5 Mart 2020 Perşembe

ŞİDDETİ KUTSAYAN YUNAN DİN ADAMLARI


 Yunanistan’ın Türkiye’ye yakın bölgelerinden dört Metropolit  (Papazlıkta üst bir rütbe) 2 Mart’ta Yunan asker ve polisine destek için Türk-Yunan sınırı olan “Kastanies Sınır Kapısı”na giderek provokasyon yaptılar.
Bunlar Dimetoka, Orestias ve Soufli Metropoliti Damaskinos, İskeçe ve Peritheorion Metropoliti Metropoliti Panteleimon, Alexandroupolis (Dedeağaç) Metropoliti Anthimos ve Maroneia ve Komotini (Gümülcine) Metropoliti Panteleimon’dur.
Kaynaklarda bu dört metropolitin “Türklerin yarattığı kaos ile mücadele eden Yunan polis ve askerlerine moral ve dua desteği vermek için” gittikleri yorumlanıyor.
Yunan basınında, dört Metropolitin ağzında ortak söylem olarak aşağıdaki paragraf verilmiştir.
“Bugün buraya son birkaç gün içinde asker, polis, itfaiye, Belediye çalışanları ve başkanları ile ülkemizin sınırlarını Türklerin yarattığı kaostan korumak için mücadele eden tüm insanlara moral dileklerimizi ve desteğimizi ifade etmek için geldik. İnsanlarımız kararlı ve iyi ruh halindedirler.” Metropolitler (Sınır geçişlerinin önlendiğini ifade ederek) Barışın yeniden sağlandığını görmek güzel.”  dediler.
Bu organizasyonu yapan Dimetoka, Orestias ve Soufli Metropoliti Damaskinos’tur.
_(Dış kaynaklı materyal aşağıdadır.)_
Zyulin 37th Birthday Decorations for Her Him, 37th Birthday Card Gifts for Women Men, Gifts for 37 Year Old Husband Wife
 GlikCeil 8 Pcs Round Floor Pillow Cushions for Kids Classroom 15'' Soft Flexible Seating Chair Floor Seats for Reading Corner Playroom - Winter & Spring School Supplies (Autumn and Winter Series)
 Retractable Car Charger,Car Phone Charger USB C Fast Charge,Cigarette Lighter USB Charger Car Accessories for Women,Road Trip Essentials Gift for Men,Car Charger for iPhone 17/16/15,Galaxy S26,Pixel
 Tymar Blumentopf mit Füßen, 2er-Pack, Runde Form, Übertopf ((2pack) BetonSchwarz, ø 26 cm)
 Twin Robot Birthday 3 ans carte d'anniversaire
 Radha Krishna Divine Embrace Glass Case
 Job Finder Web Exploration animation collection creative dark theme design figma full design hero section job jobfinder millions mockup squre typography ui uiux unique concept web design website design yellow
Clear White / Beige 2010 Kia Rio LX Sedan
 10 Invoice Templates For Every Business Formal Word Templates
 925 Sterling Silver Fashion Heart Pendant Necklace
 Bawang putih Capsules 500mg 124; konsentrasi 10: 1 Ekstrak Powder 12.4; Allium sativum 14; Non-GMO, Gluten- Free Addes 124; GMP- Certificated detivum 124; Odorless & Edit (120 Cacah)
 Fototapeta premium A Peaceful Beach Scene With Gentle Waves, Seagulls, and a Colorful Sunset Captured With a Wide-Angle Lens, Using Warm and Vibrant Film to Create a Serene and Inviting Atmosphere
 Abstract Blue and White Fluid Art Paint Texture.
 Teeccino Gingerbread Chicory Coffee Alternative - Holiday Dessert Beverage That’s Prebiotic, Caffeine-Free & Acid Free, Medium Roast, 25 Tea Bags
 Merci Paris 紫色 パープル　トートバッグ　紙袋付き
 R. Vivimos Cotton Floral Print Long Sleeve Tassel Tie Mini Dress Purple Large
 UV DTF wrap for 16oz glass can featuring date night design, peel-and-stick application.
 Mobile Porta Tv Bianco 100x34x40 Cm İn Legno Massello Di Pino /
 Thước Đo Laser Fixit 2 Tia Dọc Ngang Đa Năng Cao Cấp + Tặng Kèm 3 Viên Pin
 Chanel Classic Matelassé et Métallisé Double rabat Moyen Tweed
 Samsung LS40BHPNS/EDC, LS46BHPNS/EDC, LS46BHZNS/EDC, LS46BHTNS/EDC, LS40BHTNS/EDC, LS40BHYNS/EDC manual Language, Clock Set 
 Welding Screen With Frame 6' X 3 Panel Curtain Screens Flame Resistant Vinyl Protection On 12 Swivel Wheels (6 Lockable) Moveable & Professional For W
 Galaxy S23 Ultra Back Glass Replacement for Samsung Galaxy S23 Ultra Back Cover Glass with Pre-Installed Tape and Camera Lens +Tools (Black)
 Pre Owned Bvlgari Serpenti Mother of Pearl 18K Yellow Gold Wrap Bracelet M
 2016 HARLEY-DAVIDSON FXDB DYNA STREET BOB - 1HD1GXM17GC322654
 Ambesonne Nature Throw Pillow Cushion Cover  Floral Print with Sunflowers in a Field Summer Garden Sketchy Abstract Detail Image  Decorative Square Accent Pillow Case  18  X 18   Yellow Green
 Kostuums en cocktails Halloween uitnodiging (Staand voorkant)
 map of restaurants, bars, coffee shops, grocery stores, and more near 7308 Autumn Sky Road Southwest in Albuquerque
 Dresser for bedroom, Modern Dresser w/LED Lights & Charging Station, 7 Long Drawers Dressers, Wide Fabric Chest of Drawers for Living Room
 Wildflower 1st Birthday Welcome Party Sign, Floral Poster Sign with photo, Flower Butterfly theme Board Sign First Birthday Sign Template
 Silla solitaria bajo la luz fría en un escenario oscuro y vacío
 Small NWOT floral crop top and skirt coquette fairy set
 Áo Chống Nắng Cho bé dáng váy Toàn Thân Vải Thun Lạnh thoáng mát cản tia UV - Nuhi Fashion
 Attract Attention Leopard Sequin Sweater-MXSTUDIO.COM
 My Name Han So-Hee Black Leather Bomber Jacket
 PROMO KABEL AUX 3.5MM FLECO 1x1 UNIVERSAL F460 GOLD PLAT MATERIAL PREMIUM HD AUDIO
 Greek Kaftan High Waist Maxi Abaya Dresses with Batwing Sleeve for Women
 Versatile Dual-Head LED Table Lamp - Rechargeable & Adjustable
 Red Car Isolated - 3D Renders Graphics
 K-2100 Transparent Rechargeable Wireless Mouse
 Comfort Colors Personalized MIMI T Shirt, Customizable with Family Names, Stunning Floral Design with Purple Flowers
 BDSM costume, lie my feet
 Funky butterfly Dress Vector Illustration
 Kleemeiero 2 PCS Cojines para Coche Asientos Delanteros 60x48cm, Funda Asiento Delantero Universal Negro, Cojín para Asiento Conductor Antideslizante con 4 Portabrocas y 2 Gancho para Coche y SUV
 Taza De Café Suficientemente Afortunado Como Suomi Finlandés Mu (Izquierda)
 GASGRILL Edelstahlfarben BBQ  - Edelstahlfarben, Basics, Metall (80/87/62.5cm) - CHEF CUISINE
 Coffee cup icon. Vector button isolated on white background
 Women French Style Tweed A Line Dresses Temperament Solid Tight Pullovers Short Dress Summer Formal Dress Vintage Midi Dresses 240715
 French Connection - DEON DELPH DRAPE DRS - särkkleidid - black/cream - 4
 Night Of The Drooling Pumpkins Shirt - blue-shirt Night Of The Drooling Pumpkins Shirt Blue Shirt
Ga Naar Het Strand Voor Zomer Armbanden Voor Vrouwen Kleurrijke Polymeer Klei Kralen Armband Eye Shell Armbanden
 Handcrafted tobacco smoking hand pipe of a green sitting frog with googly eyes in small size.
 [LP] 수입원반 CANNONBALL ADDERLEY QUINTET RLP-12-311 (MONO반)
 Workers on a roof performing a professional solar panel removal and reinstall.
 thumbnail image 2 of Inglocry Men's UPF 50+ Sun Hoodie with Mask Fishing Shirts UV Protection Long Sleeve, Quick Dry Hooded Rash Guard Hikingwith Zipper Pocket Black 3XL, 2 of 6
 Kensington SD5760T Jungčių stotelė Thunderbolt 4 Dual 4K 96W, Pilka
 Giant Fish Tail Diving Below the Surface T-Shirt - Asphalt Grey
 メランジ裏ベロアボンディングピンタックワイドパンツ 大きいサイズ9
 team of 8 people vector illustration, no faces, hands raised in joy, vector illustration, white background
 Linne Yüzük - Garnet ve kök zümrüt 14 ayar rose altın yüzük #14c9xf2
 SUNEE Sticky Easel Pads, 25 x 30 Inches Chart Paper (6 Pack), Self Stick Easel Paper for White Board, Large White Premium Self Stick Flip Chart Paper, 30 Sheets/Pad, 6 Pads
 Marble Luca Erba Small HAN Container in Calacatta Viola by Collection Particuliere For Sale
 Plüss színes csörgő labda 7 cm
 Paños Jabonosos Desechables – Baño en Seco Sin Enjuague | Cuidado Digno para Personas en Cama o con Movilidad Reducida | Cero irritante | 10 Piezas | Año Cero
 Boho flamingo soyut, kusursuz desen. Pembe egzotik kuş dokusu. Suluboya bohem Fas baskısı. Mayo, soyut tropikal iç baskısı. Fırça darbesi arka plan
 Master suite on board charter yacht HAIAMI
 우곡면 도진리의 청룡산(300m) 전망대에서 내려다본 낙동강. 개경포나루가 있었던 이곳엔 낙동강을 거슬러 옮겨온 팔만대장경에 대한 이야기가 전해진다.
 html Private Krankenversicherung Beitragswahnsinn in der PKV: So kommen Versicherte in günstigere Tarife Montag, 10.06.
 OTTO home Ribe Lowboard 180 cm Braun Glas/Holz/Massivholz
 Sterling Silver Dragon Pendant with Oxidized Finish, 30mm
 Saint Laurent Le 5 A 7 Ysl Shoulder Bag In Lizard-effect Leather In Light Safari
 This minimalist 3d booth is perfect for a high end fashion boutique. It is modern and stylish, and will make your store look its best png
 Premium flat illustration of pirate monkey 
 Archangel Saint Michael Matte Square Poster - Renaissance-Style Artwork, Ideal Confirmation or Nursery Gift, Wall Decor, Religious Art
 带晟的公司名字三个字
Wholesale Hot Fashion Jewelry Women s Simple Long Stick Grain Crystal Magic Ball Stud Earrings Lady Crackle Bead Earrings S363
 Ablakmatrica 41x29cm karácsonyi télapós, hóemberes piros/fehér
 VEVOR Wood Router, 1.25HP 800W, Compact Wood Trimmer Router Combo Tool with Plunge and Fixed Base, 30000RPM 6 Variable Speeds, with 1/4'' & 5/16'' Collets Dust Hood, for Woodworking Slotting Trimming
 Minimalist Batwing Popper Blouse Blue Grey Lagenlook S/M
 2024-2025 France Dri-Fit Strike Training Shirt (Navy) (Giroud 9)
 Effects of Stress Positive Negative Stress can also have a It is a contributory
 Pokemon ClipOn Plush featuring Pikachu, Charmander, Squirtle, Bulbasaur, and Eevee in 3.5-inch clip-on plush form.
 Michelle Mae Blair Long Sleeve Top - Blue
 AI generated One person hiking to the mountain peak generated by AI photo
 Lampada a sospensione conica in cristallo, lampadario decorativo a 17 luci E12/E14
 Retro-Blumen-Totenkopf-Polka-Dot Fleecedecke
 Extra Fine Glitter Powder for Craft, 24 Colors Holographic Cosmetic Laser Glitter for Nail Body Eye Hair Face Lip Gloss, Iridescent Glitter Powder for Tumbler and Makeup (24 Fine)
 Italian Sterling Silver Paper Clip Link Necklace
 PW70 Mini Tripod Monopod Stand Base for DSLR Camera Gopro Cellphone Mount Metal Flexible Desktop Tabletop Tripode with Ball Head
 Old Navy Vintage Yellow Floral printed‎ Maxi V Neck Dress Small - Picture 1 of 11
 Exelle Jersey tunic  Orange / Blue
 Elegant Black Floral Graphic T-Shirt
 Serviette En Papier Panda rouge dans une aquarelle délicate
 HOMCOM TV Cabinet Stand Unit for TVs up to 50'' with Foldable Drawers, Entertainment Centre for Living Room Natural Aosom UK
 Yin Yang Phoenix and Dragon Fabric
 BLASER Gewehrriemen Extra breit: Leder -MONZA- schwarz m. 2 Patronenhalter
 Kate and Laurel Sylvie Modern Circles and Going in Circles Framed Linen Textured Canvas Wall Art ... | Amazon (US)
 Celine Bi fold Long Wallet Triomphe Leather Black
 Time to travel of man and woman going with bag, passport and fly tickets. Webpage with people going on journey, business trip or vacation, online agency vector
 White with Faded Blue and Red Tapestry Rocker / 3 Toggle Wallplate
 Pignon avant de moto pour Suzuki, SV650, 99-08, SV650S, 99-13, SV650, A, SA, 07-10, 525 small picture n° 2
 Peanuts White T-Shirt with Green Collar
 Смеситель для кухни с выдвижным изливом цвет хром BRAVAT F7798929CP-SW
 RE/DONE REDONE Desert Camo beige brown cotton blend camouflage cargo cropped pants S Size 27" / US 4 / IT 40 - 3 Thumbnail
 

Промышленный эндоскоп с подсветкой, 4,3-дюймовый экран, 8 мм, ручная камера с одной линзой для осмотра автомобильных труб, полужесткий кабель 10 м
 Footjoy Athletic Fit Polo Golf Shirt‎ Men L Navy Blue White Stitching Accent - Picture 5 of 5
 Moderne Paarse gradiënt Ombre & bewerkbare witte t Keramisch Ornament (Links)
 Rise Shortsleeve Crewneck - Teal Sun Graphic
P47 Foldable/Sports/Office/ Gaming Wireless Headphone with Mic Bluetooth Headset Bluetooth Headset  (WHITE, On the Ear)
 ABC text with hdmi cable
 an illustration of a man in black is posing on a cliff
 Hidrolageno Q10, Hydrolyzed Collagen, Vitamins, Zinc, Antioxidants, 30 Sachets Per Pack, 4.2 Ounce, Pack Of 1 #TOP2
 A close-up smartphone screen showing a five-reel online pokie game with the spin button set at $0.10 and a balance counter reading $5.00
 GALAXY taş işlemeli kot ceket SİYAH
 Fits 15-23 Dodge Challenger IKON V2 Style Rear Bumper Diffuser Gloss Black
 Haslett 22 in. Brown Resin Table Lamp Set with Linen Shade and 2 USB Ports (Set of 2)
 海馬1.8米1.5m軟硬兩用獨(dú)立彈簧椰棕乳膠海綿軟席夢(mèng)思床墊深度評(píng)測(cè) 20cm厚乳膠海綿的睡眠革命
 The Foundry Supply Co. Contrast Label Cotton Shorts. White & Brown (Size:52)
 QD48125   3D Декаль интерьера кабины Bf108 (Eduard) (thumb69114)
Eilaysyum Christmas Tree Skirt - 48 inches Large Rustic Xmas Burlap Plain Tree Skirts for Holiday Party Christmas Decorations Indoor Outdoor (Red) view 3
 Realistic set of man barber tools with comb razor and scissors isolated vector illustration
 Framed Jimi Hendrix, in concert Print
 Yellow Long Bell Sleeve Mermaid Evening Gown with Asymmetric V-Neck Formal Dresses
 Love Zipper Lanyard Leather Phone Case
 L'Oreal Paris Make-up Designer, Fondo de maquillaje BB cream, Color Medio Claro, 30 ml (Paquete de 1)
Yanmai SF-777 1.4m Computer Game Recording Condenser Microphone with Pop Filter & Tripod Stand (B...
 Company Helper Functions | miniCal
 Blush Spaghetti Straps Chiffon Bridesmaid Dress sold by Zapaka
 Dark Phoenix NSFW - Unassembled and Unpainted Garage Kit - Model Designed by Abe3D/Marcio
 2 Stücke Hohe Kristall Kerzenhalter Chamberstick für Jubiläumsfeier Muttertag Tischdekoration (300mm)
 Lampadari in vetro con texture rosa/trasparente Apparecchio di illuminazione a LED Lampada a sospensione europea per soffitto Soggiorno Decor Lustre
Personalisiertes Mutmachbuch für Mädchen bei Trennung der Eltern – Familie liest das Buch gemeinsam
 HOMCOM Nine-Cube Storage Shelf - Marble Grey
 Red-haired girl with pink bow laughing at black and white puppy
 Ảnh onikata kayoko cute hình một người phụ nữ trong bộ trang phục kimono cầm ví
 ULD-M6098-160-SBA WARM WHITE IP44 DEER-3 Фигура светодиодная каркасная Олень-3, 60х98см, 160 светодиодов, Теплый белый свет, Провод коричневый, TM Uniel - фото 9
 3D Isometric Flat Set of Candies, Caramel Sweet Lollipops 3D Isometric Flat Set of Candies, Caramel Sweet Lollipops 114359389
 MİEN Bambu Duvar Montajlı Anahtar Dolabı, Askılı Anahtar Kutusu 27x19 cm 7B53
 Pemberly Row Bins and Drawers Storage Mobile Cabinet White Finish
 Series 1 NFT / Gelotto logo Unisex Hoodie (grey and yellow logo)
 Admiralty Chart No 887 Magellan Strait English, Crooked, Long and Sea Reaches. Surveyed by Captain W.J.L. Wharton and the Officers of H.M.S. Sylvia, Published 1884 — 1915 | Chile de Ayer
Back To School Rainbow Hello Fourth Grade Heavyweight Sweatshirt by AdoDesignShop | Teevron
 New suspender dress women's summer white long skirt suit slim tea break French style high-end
Bu konudaki sosyal medya paylaşımlarında da Metropolit Damaskinos'un diğer üç metropoliti de organize ederek 2 Mart’ta Kastanies Sınır Kapısı’na giderek gövde gösterisi yaptıkları dile getirilmektedir.
Damaskinos 2 Mart’tan önce, 28 Şubat’ta Türkiye’nin sınır kapılarını açmakla ilgili kararından bir gün sonra Yunanlı gazeteci Maria Manaka’ya aşağıda özeti bulunan tepkisel bir röportaj vermişti.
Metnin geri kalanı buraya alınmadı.